Records from a dataset:
▼▼▼

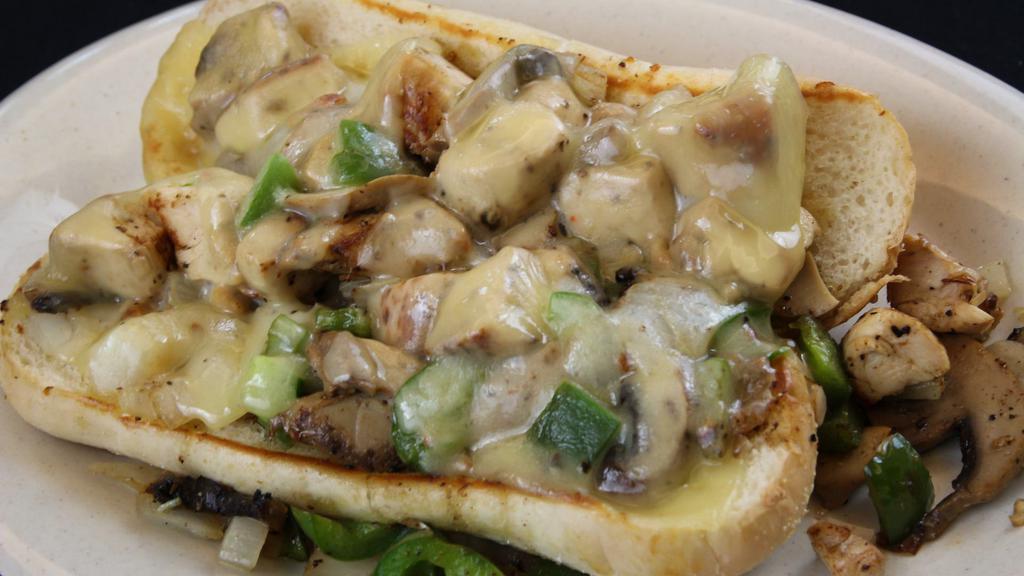 Philly Melt · Choice of chicken or steak, green pepper, grilled onion, mushrooms swiss on hoagie
(chicken philly pictured)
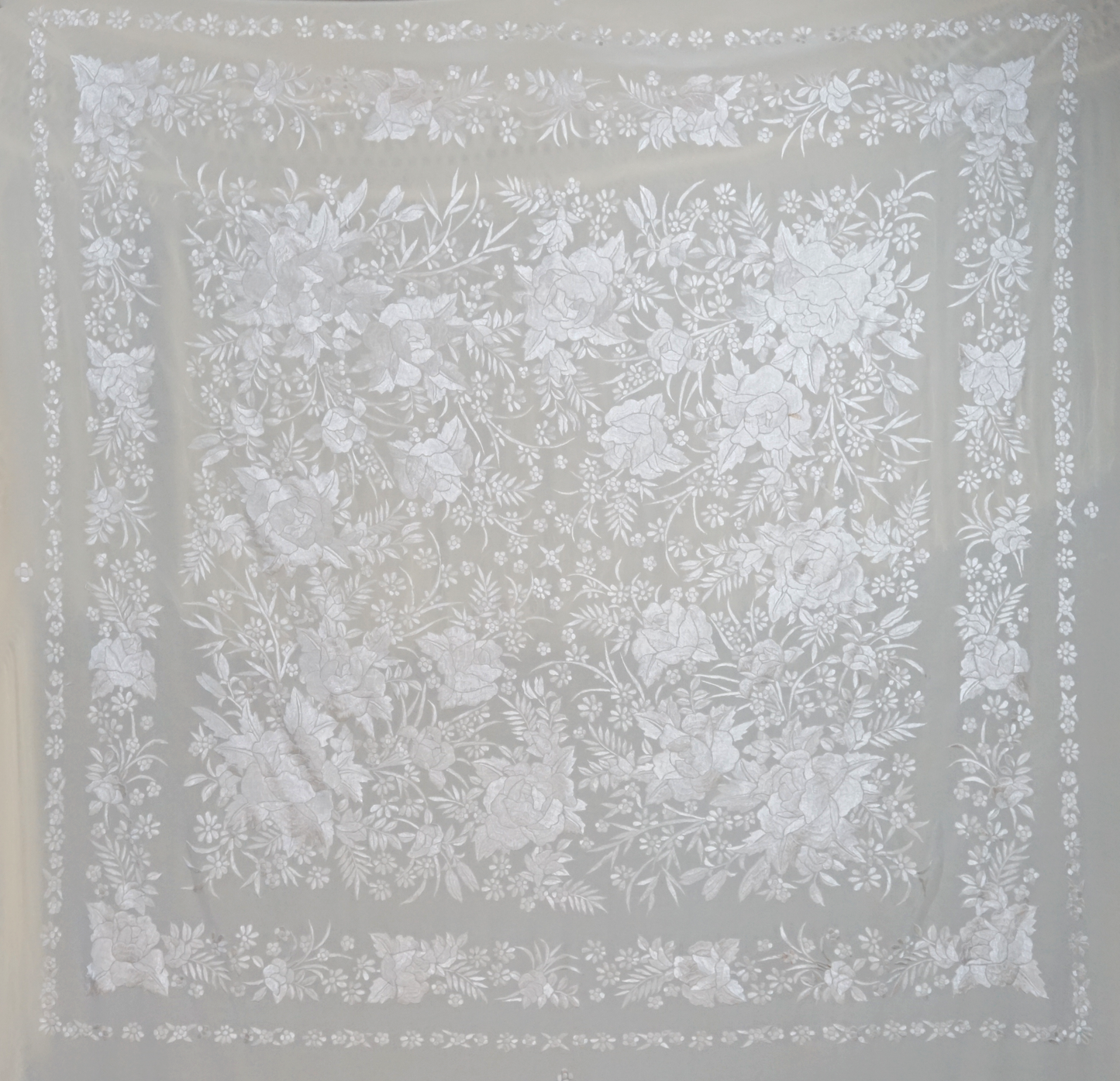 Mantón de seda natural bordado a mano. Pieza en seda color crema con bordado al tono. 135 × 135 cm de delicadeza y elegancia atemporal.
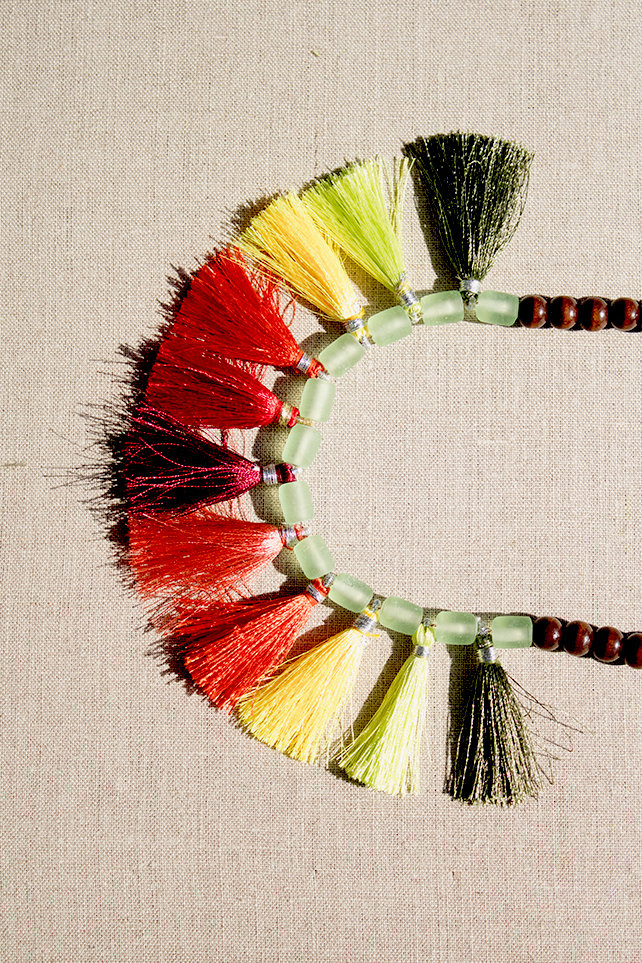 Necklace with large multi-colored tassels and wooden beads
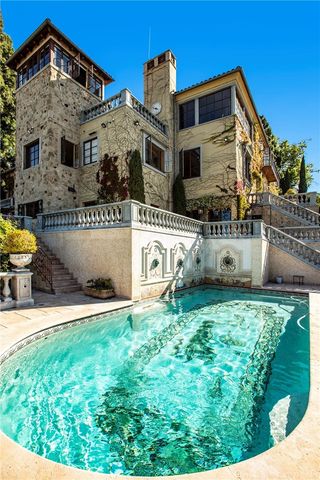 a view of a dining room with furniture and a kitchen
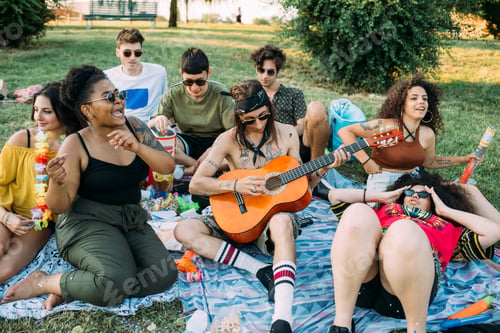 Preview: Group of friends relaxing, playing guitar at picnic in park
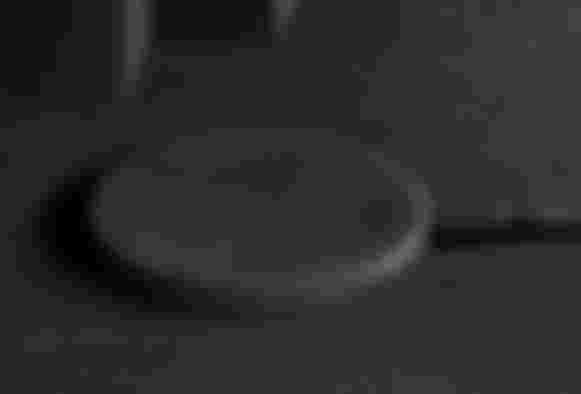 Native Union Drop product image of a black wireless charging pad.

▲▲▲

**PROBLEM TO SOLVE:**
Without the pictures, retype all of the data above exactly.

**ANSWER TO THIS EXERCISE:**
 Philly Melt · Choice of chicken or steak, green pepper, grilled onion, mushrooms swiss on hoagie
(chicken philly pictured)
 Mantón de seda natural bordado a mano. Pieza en seda color crema con bordado al tono. 135 × 135 cm de delicadeza y elegancia atemporal.
 Necklace with large multi-colored tassels and wooden beads
 a view of a dining room with furniture and a kitchen
 Preview: Group of friends relaxing, playing guitar at picnic in park
 Native Union Drop product image of a black wireless charging pad.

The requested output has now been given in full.